There is nothing new in this distaste of a literary man for the baser duties of playwriting. Bulwer Lytton, who, whatever we may think of his literary qualities, had undeniable talent as a playwright, discovered when he wrote “The Duchess de la Vallière” the interesting fact that playwriting was a special craft and that “dramatic construction and theatrical effect” were mysteries to be mastered. “I felt,” he writes in his preface to the Lady of Lyons, “that it was in this that a writer accustomed to the narrative class of composition would have the most faults to learn and unlearn.

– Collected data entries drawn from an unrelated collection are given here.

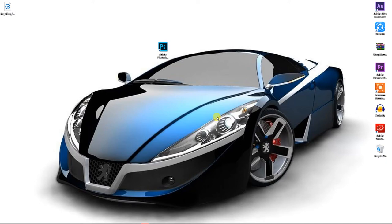Hello guys and welcome to another Photoshop tutorial. In this tutorial I'm going to show you how we can create a wild paint effect, so without further delay let's get started.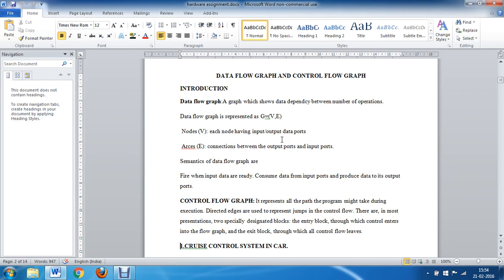After knowing about data flow graphs and control flow graphs, we need to understand their importance in computer programming. These graphs help to organize the program and provide a comfort level for the programmer by acting as a blueprint during program development. This increases the productivity of the programmer. They also help in decision making in complex logic problems.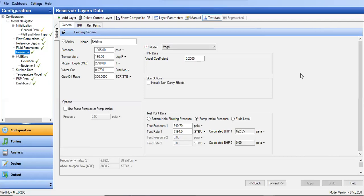Hello everyone, welcome again to the Engman YouTube channel. In this video I will show you how to simulate the result of a workover — for example, if we perform a perforation addition. The improvement in oil rate will come from the reduction of skin, especially skin due to partial penetration or skin due to limited entry.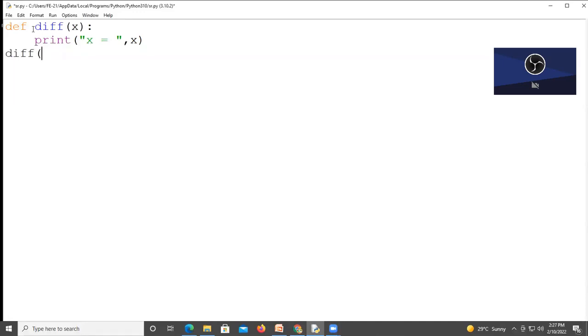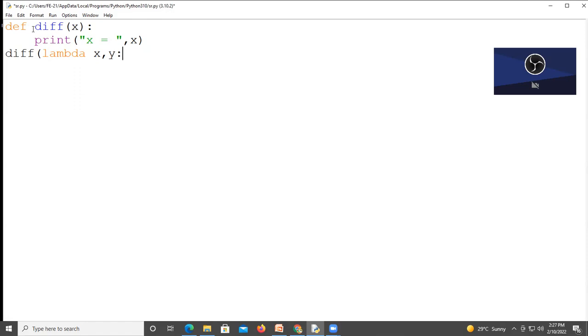Inside the function call, I am writing a lambda function as an argument. We will write the lambda keyword, after that write your variable names - my variables are x comma y - and after that write your arithmetic expression.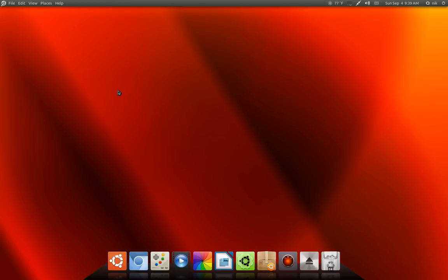Earlier today I did a little video, a little overview or look at the new Ubuntu 11.10, which is the beta. As everybody knows, the classic desktop was removed. The new Ubuntu 11.10 is pretty much built on top of GNOME 3, and GNOME 3 does have a classic-looking desktop — GNOME fallback mode, I believe it's called.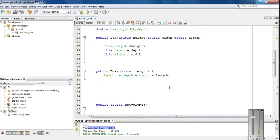So this is how we overload a constructor. I hope you enjoy this video. Thank you for watching. See you in the next episode.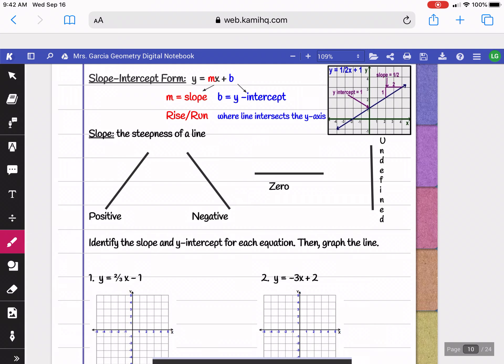Remember, your slope tells you how steep a line is — it tells you how much it rises and how much it runs. For example, a graph going up 3 and right 2, or down 3 and right 5. Always go from left to right when looking at a graph. Your y-intercept is where the line crosses the y-axis.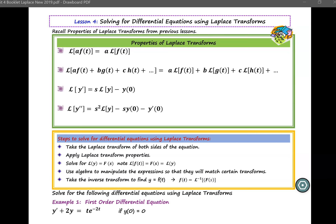Hello everyone. In this lesson, we will talk about using Laplace transform to solve for first or second order differential equations.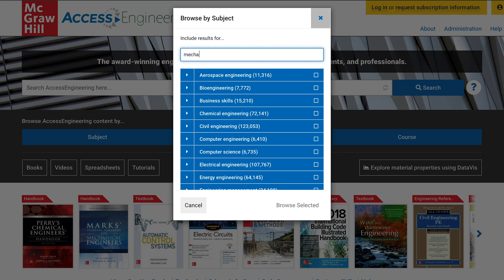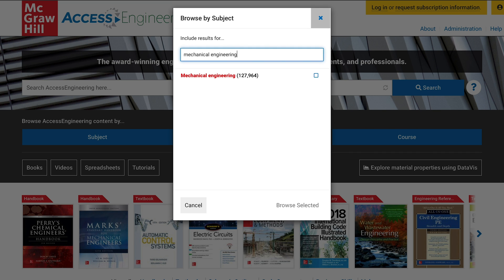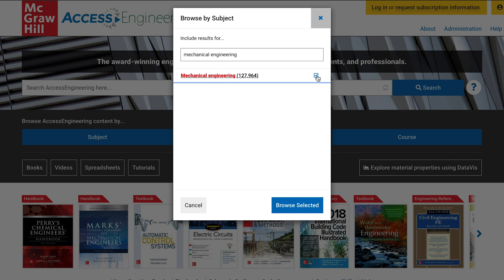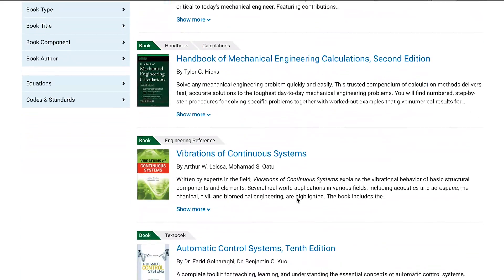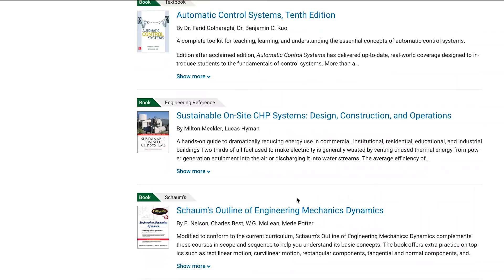I found that when I was teaching the capstone design course and working with my student teams, they needed a lot of reference materials. And so they were going off to the library — sometimes they could find the material, sometimes they couldn't. So when Access Engineering became available, it was really a game changer. All the reference materials they needed to work on their design was located in one website, and it really allowed them to focus on the design aspects. They had great vetted reference material that they could trust.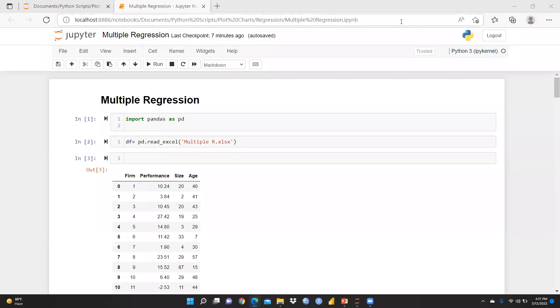Hi everyone. In this video, we will learn multiple regression. I had already explained linear regression. First of all, we are going to discuss what are the assumptions of multiple regression.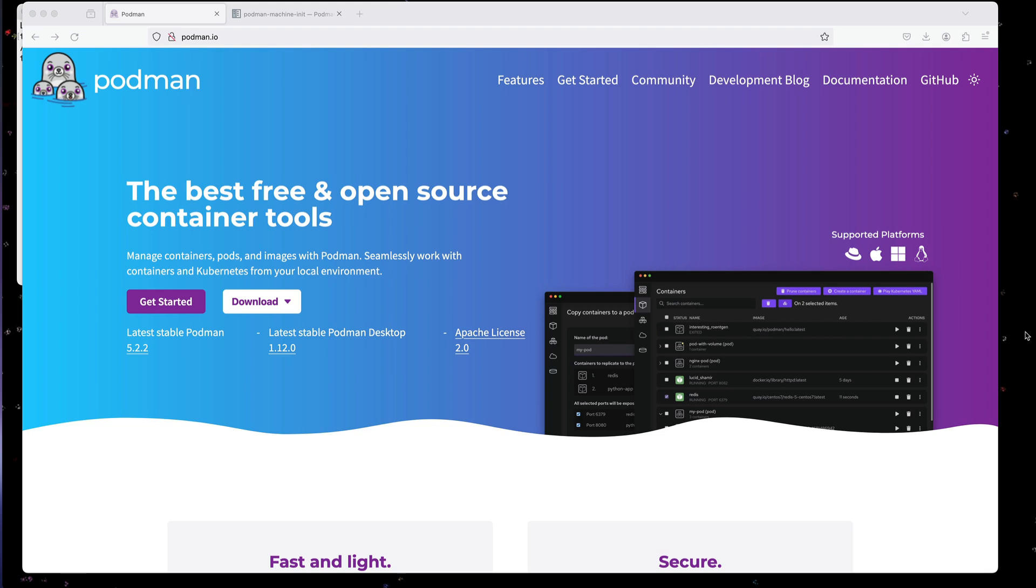Today we're going to go over Podman. It's an alternative for Docker and we're going to go over how to use Podman on a Mac with a Spring Boot REST application. All right, let's dive in.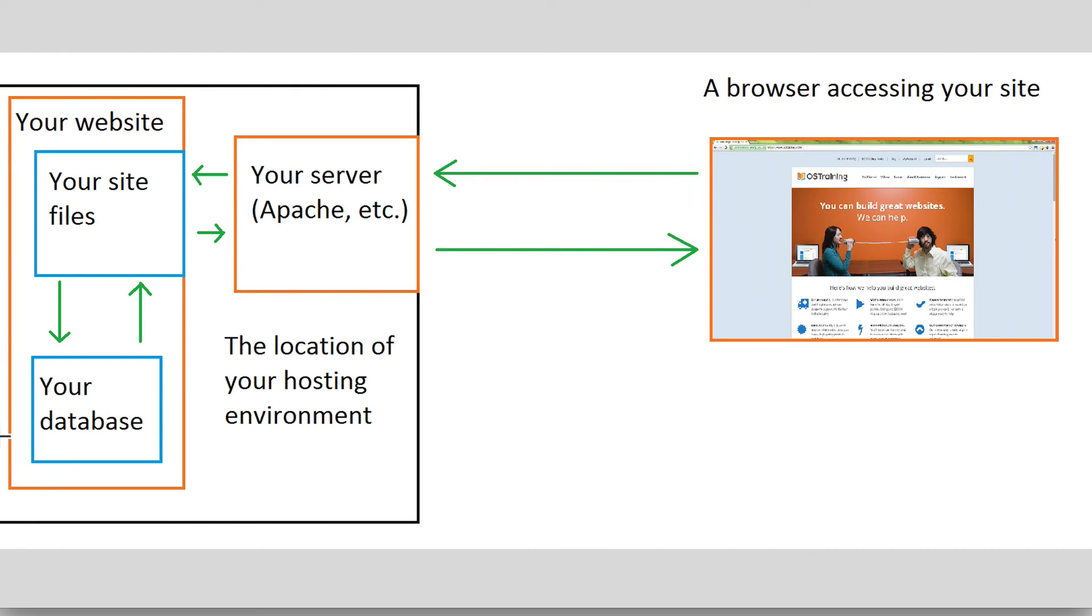Caching can also happen on the location of your website. It can happen within your file system, and pages can also be cached in the database.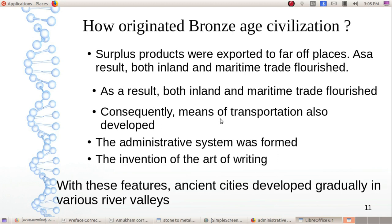Consequently, means of transportation also developed. The administrative system and art of writing also formed features of the civilization. With these features, ancient cities developed gradually in various river valleys. This is how the Bronze Age civilization originated.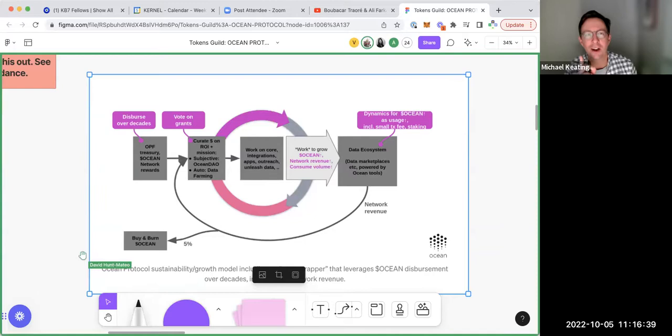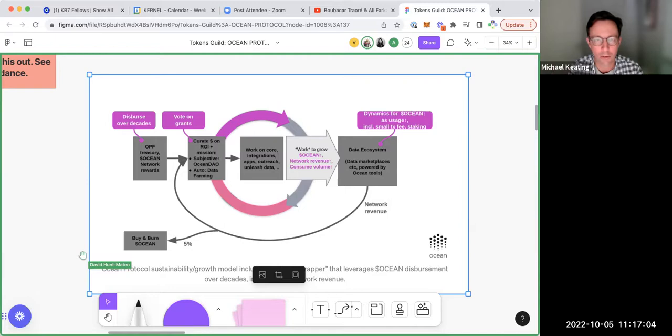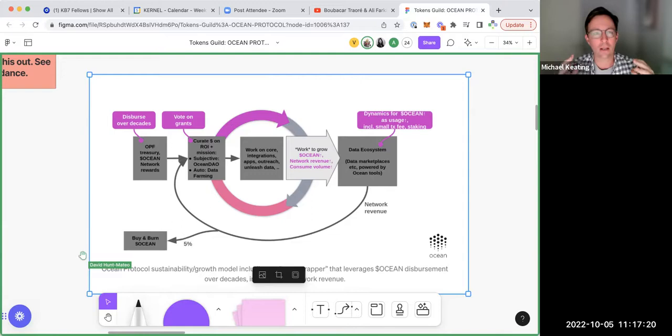Andy asked for one specific concrete example of how Ocean Protocol is already being applied — someone put data up and someone paid for it for some purpose — to make all the tokenomics and theory more concrete. He noted that Ocean has been around long enough and is well-established, so people must be using it.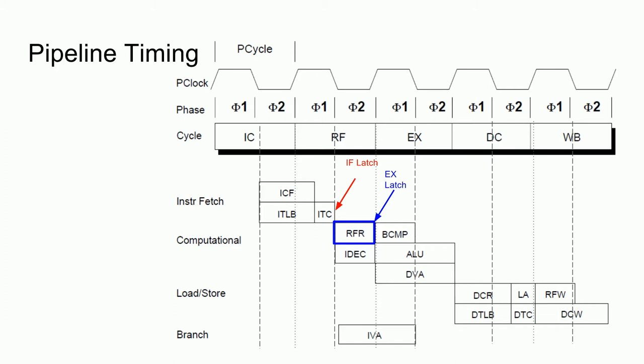On the other side, we have the write-back register latch, which starts the RFW, or register file write block, which also has the length of a single phase, or half of a PClock cycle. Notice that if we were to join the RFW and RFR blocks, we would get something like this, where the entire RF block is a full cycle, where the write data is latched on the falling edge of the clock, and the input and output data are latched on the rising edge.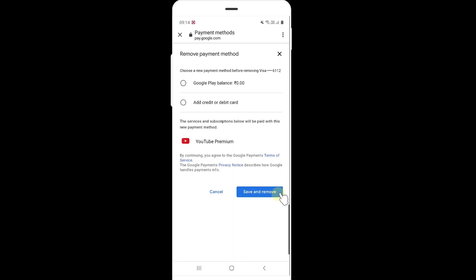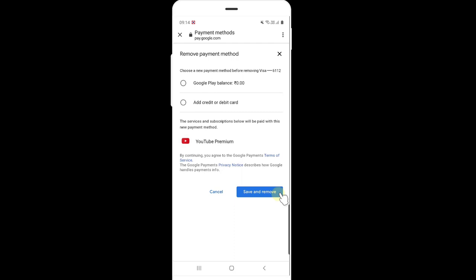That's it, this is the way you can remove your Google payment methods on your browser. Thank you so much for watching, please write the comments and feedbacks. Thank you, bye.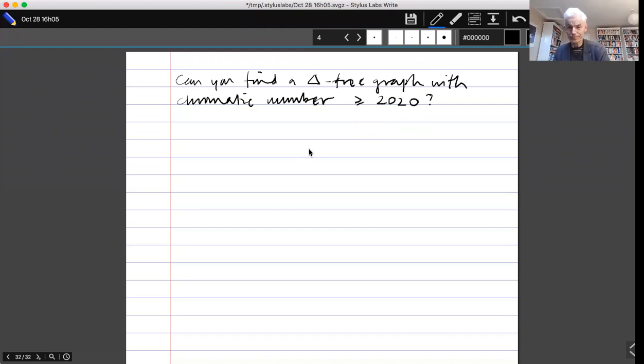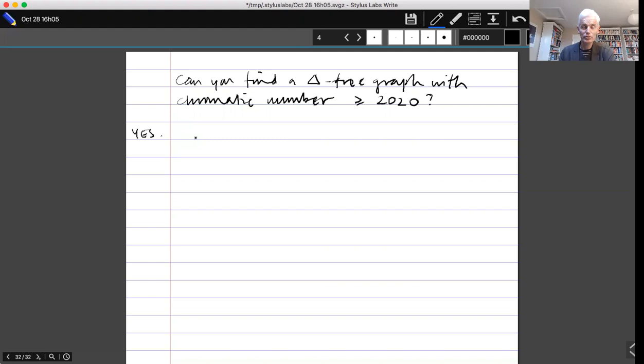There are many ways of doing this, so although I'm about to tell you a solution, that doesn't spoil the problem because there remains the problem of finding a completely different way. I know of at least three completely different approaches of which this is one. This approach uses the Borsuk-Ulam theorem, so the answer is yes. In fact we'll do something a bit more general and stronger — instead of triangle-free we're going to go for graphs that don't have any short odd cycles.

Accordingly, it was to the development of the plot and the arrangement of the incidents I directed my chief attention, and I sought to throw whatever belongs to poetry less into the diction and the ‘felicity of words’ than into the construction of the story, the creation of the characters and the spirit of the pervading sentiment.”

Genius will shrug his shoulders at the name of Bulwer Lytton, but as a playwright two things are worth remembering about him—first, that in modern phrase he “got there,” and, second, that “he remains.” And if genius desires to write plays with a view to “getting there” and “remaining,” after the manner of Bulwer Lytton and other greater men who have stooped to the craft, let genius seriously consider whether, in his own interests as well as in the interests of the harmless necessary playgoer, it is not worth while to learn the rules of the game and commence playwright.